Sanders was in Prague last week as an early teaser to next summer’s
Prague Writers’ Festival, an event that will be wholly focused on that
annus terribilis, 1968 -- a year Sanders remembers very well.“It was a
strange, schizophrenic time,” Sanders told an audience that gathered for
his slide lecture at the American Center. “There was all this
revolutionary fervor, and then there was all the rest.”That “rest” was
considerable: Vietnam, massacres in My Lai and Mexico City, Biafra, the
assassinations of Martin Luther King Jr and Robert F. Kennedy, the
bloody riots at the Democratic Convention in Chicago, not to mention
epic riots in Paris and London. In New York City, writer Valerie Solonas
gunned down Andy Warhol, while in Baghdad a coup d’ιtat propelled a
young, unknown man named Saddam Hussein into power.
For Czechs, 1968 can never be forgotten, of course, as that was the year
the armies of the Warsaw Pact parked tanks on Wenceslas Square to crush
the Prague Spring. “Terrible times and things,” Sanders reminded the
crowd, “and yet in the middle of the madness the Beatles could release
their great White Album.”
Meeting with Sanders is like meeting up with the past itself,
particularly the part that lived in the trenches and on the barricades
where history is made.
Yet nearing his 70th year, Sanders still possesses a surprising
youthfulness, energetically producing new books, CDs and his own line of
microtonal musical instruments. “I was looking forward to going to the
Golden Bards’ Old Folks Home,” he quips, “but things are such that you
have to keep working to keep from winding up on the streets.”
The other culture
After hitchhiking out of the plain Great Plains for the cosmopolitan
stew of Greenwich Village, Sanders wrote his first poem on prison toilet
paper after being arrested for protesting nuclear proliferation in 1961.

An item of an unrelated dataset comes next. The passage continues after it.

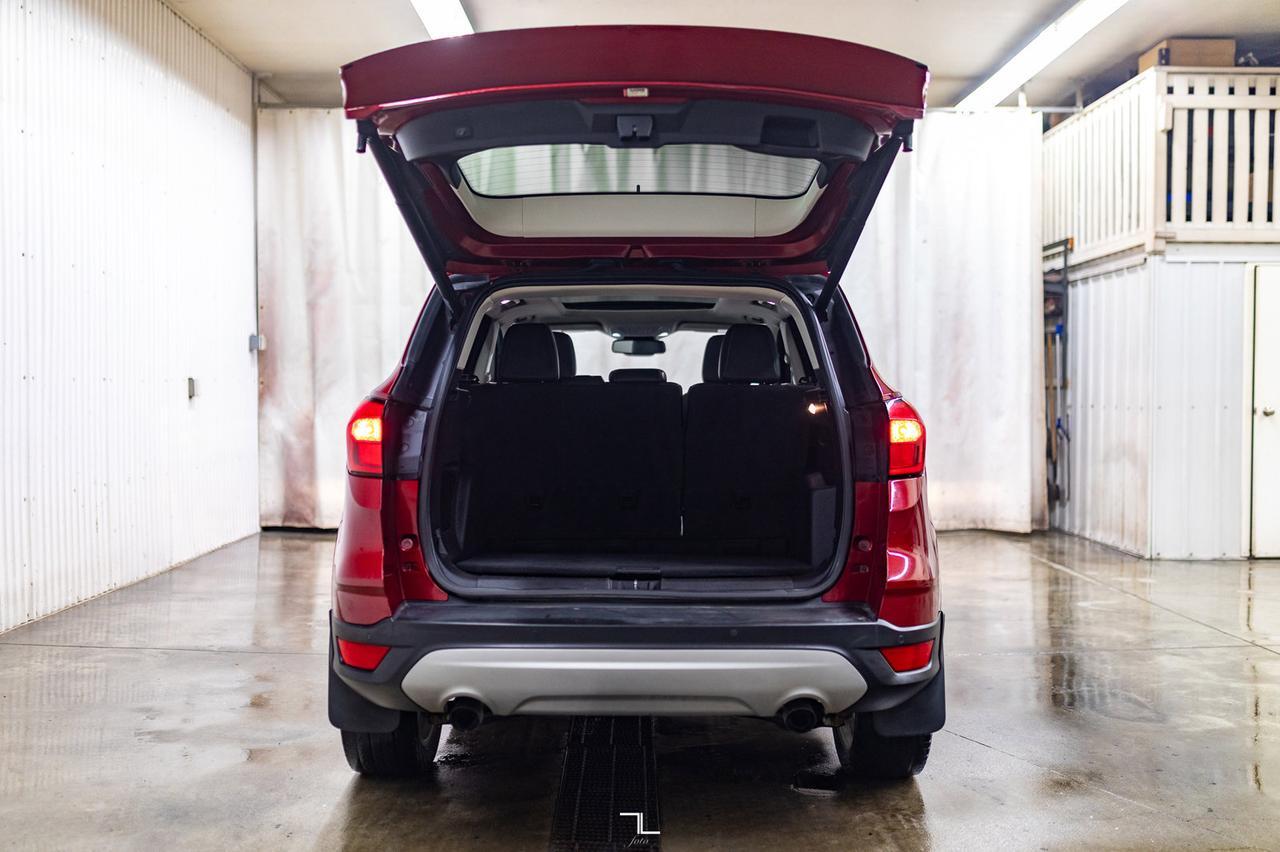 2019 Ford Escape AWD SEL Leather Roof BCam Red Deer AB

His passion for poetry and political activism were born as fraternal
twins. “A wise person once told me to dare to be a part of the history
of your era,” he says. “I took it seriously.”
In Greenwich Village, he launched the avant-garde journal Fuck You: A
Journal of the Arts (a platform for late Modernists and fellow beats)
and opened the Peace Eye Bookstore, which the NYPD promptly raided on
grounds of obscenity, leading Sanders back to jail and onto the cover of
Life magazine, which dubbed him a “leader of New York’s other culture.”
By then, Sanders was best-known as the singer/songwriter for the
influential band The Fugs, which formed in 1965. “It was a time for
music,” Sanders recalls, “and music still defines those times.”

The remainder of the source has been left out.